Measuring gen AI success: A deep dive into the KPIs you need
Hussain Chinoy
Technical Solutions Manager, Applied AI Engineering
Amy Liu
Head of AI Solutions, Value Creation
Looking to measure the effectiveness of your gen AI? Here's the KPIs that'll help track model accuracy, operational efficiency, user engagement, and financial impact — ensuring that AI investments deliver tangible ROI.

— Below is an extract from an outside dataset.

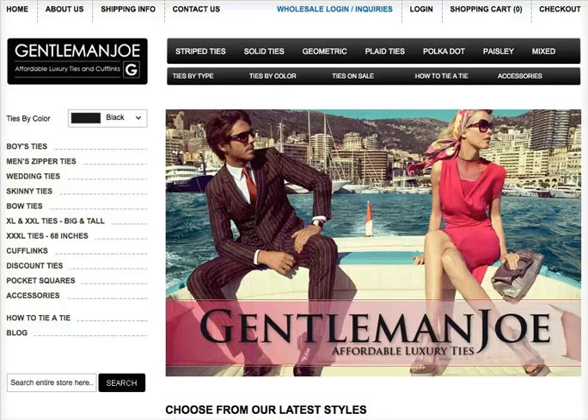Hi everyone. I'd just like to introduce my website, GentlemanJoe.com. You can find a whole bunch of different types of ties.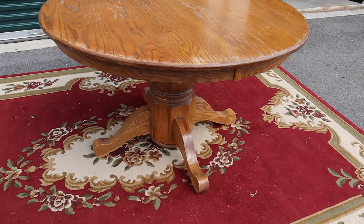These are great for breakfast nooks, little kitchen areas — places where you don't have a ton of space. Because it's a pedestal base, you don't have to fight the legs, so you can fit chairs around it and everybody's comfortable. She's an oak dining room table.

As the saying goes, “You can’t manage what you don’t measure.” Key performance indicators, or KPIs, are the bedrock of both business and technology success, providing a set of clear metrics you can use to track the progress your teams and projects are making. When adopting generative AI, KPIs remain critical for evaluating success, helping to objectively assess the performance of your AI models, align initiatives with business goals, enable data-driven adjustments, and demonstrate the overall value of an AI project.
We’ve previously discussed that gen AI requires developing a new set of AI metrics and approaches to measure the performance of your gen AI projects. Still, we find that most organizations are using the same computation-based model quality KPIs they relied on for tracking other types of AI technologies, unaware of the other crucial metrics they need related to system performance and adoption. They also don’t spend enough time measuring business value, often confusing operational efficiency gains with end state goals.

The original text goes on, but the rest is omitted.